Wednesday, March 26, 2014

Some notes on that draft and others.

A lil while back in posted a draft of a poem. It was a bit rough. Haha.

I've since decided to split the octave from the sestet; they're just too different and I want to develop the ideas in each part more and won't ever have space to as long as they're still conjoined. Makes sense right? Well see how that goes.

I can't remember if I explained this cycle already,  but I'm gonna write a bunch of sonnets and call them The Buttsex Sonnets. Lololol, right? Hopefully.

Basically they will all have something to do with gay stuff, but on a deeper level meditate on themes of love and lust and how they are so easily alloyed with other passions and become something different.

So, like the sonnets that will come from that other one:
The one building off the octave's material will further explore the contempt and judgment and mockery in the first 4 ish lines as the new octave. Then in the sestet it will take from the second half of the original octave: envy. A wish to be as seen and noticed as the "faggot in horizontal stripes", even though it's negative it's still more attention than the speaker feels he gets. I get. Whatever. Either way it's turning that contempt inward; this "gaybra" is actually cute as hell even as tackily dresses and obviously gay, and can probably (or so the speaker surmises) get sex anywhere anytime.

I like the language and tone of the sestet's material; it's idea isn't bad just underdeveloped as it stands. Basically it was replying to the gaybra's obviousness and shit and trying to compensate fro a perceived sense of inferiority.
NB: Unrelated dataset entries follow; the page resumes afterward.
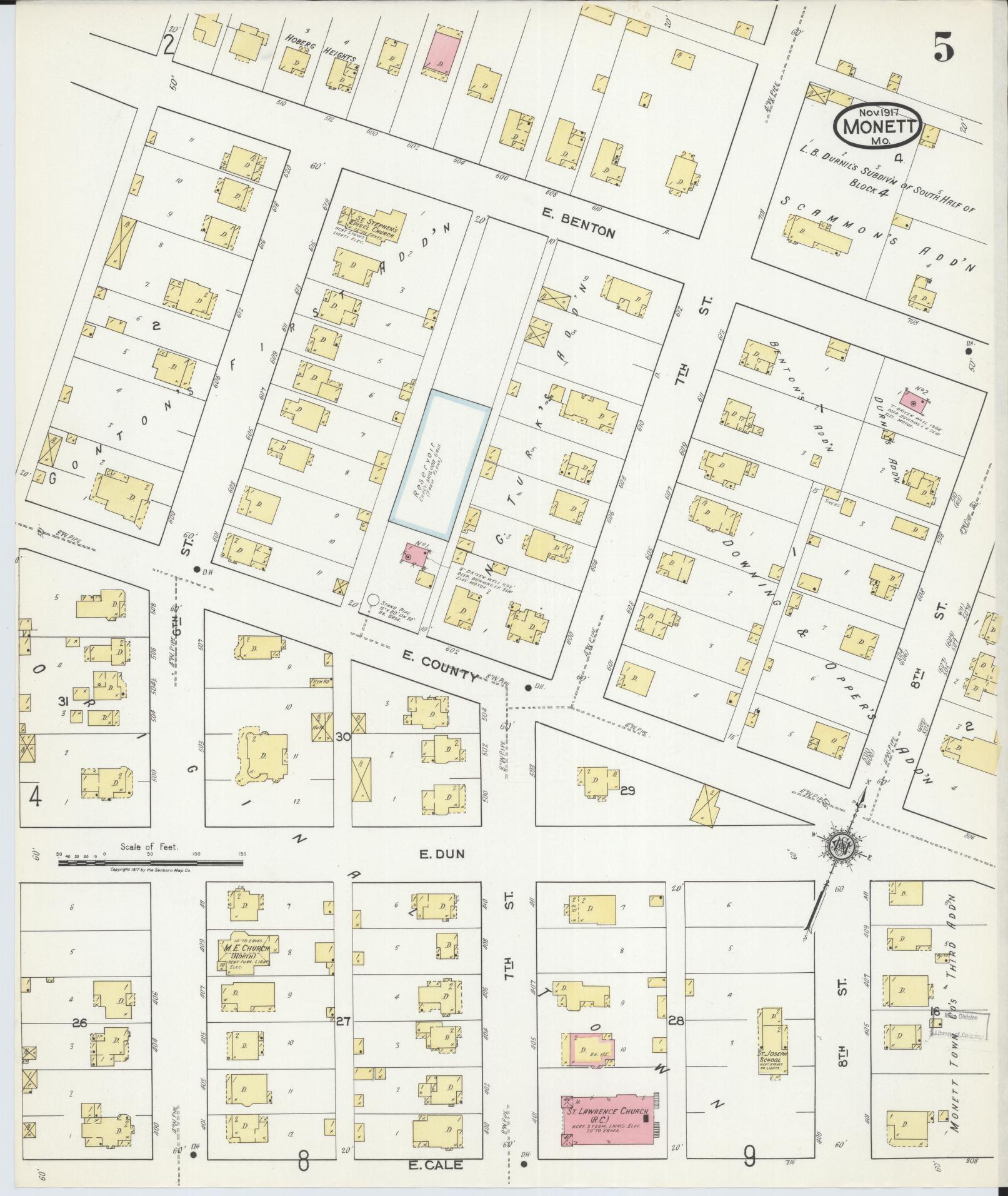 Sanborn Fire Insurance Map from Monett, Barry County, Missouri (1917), Sheet #0005 - Complete Map Set gallery image, historic Sanborn map, vintage wall art, Missouri Missouri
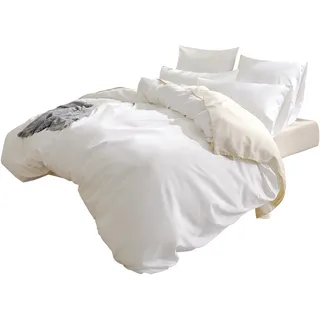 Sonive Bettwäsche 155x220cm Kissenbezügen 80x80cm *2, Bettbezüge 155x220cm 100% Bio Baumwolle, ÖkoTex Zertifiziert mit Eckbändchen Weich und Bügelfrei,Weiß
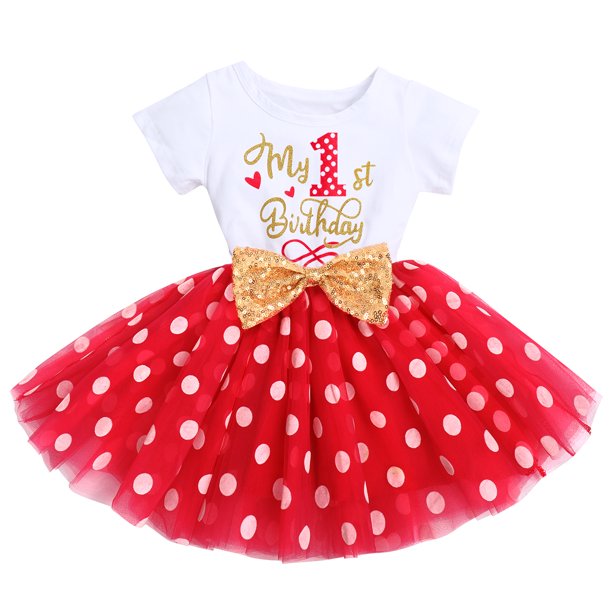 Baby Girls 1st Birthday Leisure Cake Smash Clothes, Short Shiny Letter Printed Sequin Bow Tulle Spliced Tutu Princess Dress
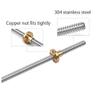MRVAKDYDI Lead Screw with Brass Nut, T10 Threaded Rod for 3D Printers, Stainless Steel, 212 mm Pitch, 150550 mm, with Brass Nut (Lead 12 mm, 350 mm) view 3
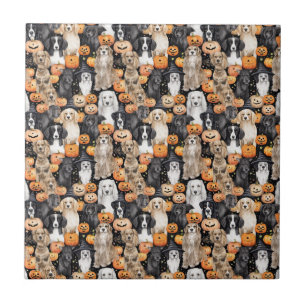 Azulejo Fiesta de Halloween para Perros - Razas de Perros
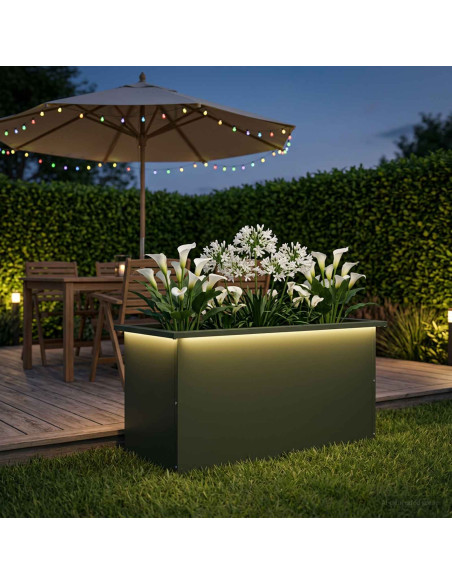 Fioriera da giardino con LED Verde Oliva 40 x 80 x 40 cm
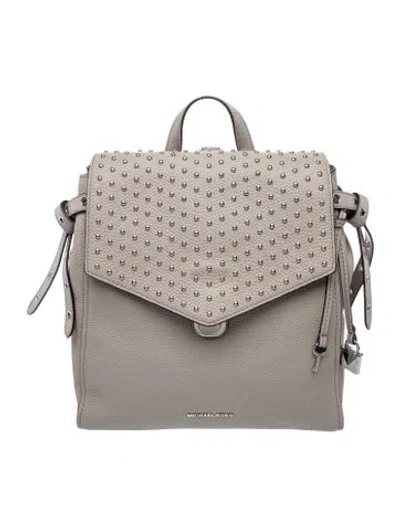Pre-owned Michael Kors Leather Backpack In Grey
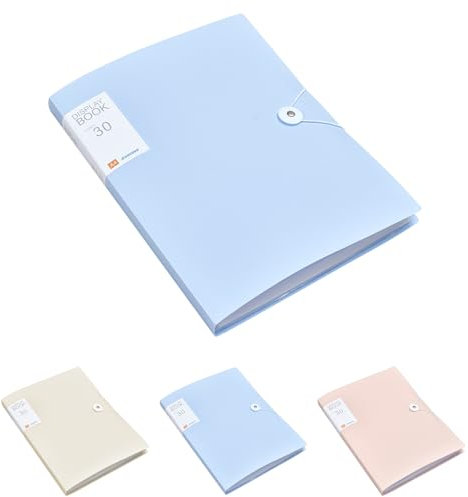 Präsentationsmappe A4 Sichtbuch A4 mit Klarsichthüllen 30 Taschen Sichtmappe Ordner mit Folien Projektordner für Broschüren Berichte Zertifikate Schulordner (Blau)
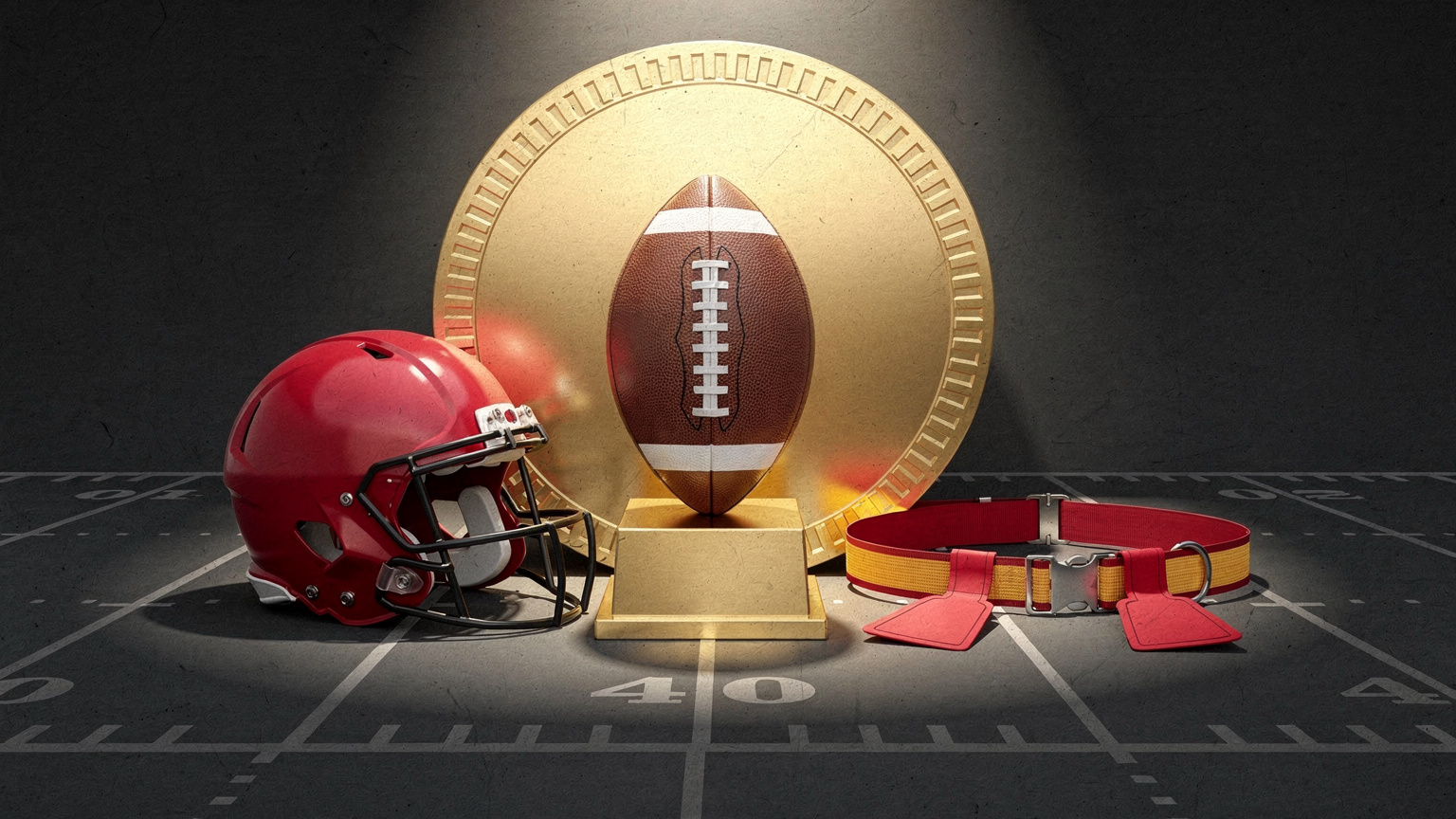 Bola juvenil sobre pedestal dourado, acompanhada de capacete e cinto de flag football em três faixas de campo conectadas.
There's another I'm working. It was inspired by this ridiculously hot guy at the club (yes I do go clubbing. Sometimes.). Basically he was rapturous. Like some magnetic predator sliding through the crowd...and we made eye contact, which he held, he continued to look, stare even, as my badhfulness took hold and I glanced away--only to find each time I glanced back he was still looking. And then he brushed against me and good god....Hot as fuck. But what I'm really excited about is the sestet. I'm using a lot of echoing--specifically "would I could" and stuff--to fey a haunting effect. I can't wait to read it out loud, especially the last line "...would that I could: I would, I would."

But why sonnets? Well originally it became a sort of challenge. I suck at rhyming and struggle with forms and generally write in meters other than pentameter. So I figured I'd challenge myself and it's been pretty interesting. As I've worked on them though a new awareness has taken hold: the conceptual potential of the conceit-volta dynamic. It's dialectic or so shit. So it provides profound possibilities for expressing and exploring specific ideas--especially in a contracted form. Because in order to develop the ideas most fully I need to be concise and creative. So I think this challenge had blossomed into something really interesting.

Monday, March 10, 2014

A draft of things to come.

So I recently got it in my head to write a cycle of sonnets. I'll see about posting some of my meditations regarding concepts/themes/fun times later, but know they're gonna be called The Buttsex Sonnets. Yup. It's a thing.
In fact here's a draft of the first sonnet. More textual/author's notes after the verse for those interested.
There's a faggot in horizontal stripes.
See! Lolls his head; flaps about at the wrists;
And wags his hips, and--oh--so sweetly lisps.
By this and these we know these types.
I'm sure if he saw me, he'd think likewise
In stereotypes: we all have our nitch.
O, to be noticed by this little bitch
Or anyone--to feel as cute--would be nice.
Catch me a fairy, hark, hail me a sprite!
Tear off his wings, his weeds, his airs, and thrust
Deep and unbidden. I'll show you what lurks
Beneath assumptions, between soul and sight:
I have as much machismo, I trust,
As much I must, as you your flippant quirks.
Sooo, yeah, there's that. I've already made notes for revisions and restructurings (mostly regarding lines 4 - 7 and chunks of the sestet, which I consider somewhat useless and weak sections right now), but this is the original (complete) draft. We could even call it the first draft.